Expensive capital goods are also being sold as services. Rolls Royce, Pratt & Whitney and the like have been “renting” aircraft engines to airlines for many years. Xerox, Cannon and others “rent” photocopiers to corporate clients. Orica no longer sells explosives, but rather “rock removal services”.
The benefits of selling services are numerous: services are difficult to commoditise, margins are higher, retention of ownership, and the client spends OpEx rather than CapEx. Expect this trend to continue, and proliferate, in 2013.
4. Usage of Pricing Competitive Intelligence Tools
Online shopping is rapidly approaching 5% in Australia, 10% in the US and almost 20% in the UK. Retailing will become more and more cut throat, and the competition can be on the other side of the street or the other side of the world.
As more and more consumers make price-based purchasing decisions, remaining competitive on price will mean the difference between smaller profits or losses for many retailers, large and small. Online Pricing competitive intelligence tools & platforms will become firmly entrenched in many retailers’ arsenal but sadly, some retailers will use these tools the wrong way, contributing to their own demise.
5. The Role of Social Media in Pricing
What, if any role, social media plays in Pricing will become a bit clearer in 2013. Early in 2012, there was some irresponsible scaremongering about the concept of “behavioural pricing”, whereby Facebook fans and Twitter followers would be asked to pay more for goods they liked or followed.
Amazon tried something similar to this in 2000, when they charged different customers different prices (-30%, -35% and -40% off) for the same product. Customers didn't take too kindly to this, and despite the cost being small (an average of $US3 being refunded to 6,896 customers) the damage to Amazon’s good will was far greater.
More interesting are developments at C&A in Brazil, where products are hung on coat hangers that show the number of likes the garment has had on Facebook (assuming the garment is on the correct coat-hangar).
6. The Beginning of the End for Behavioural Economics?
Marketers have certainly learned a lot from Behavioural Economics (BE) over the last 30 years. With a fairly robust set of heuristics now firmly established, I wouldn't be surprised if BE provides marketers with a new, third generation approach to market segmentation.
But I also believe cracks will start to appear in BE, the first of which involves trust. Why would I accept a ‘nudge’ in the direction of a particular products or service, whether its offered by a bank or a government, if I don’t trust them?

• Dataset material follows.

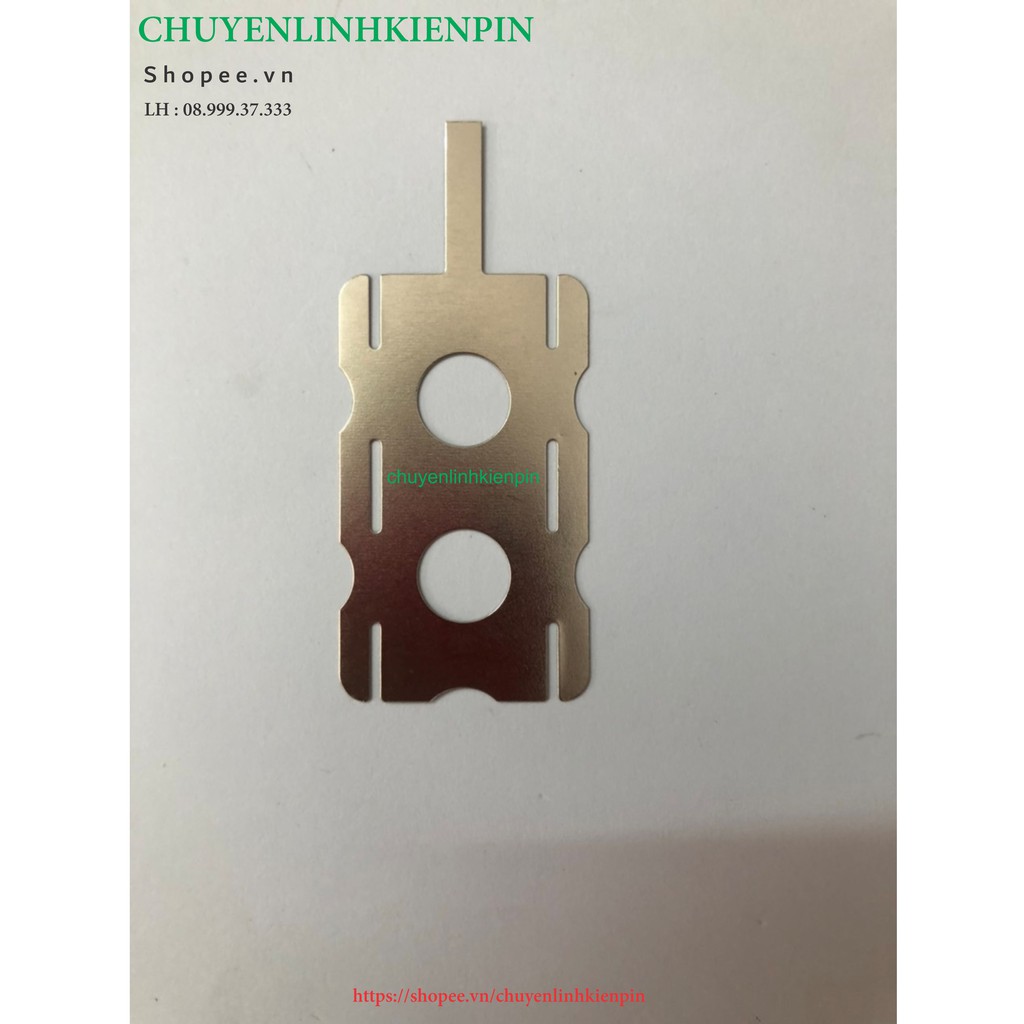[HCM]Bộ kẽm hàn cell 3 hàng 5s3p ( BL64 67 )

Technology may also start to undermine BE. Imagine a smartphone app that, upon scanning a products’ barcode, tells you whether you should buy it on cash or credit, which bank account or credit card to use (talking into account overdraft limits and interest rates), and what your loyalty points balance will be after the transaction has been completed? Technology will provide the rationale for those irrational decisions consumer had been making.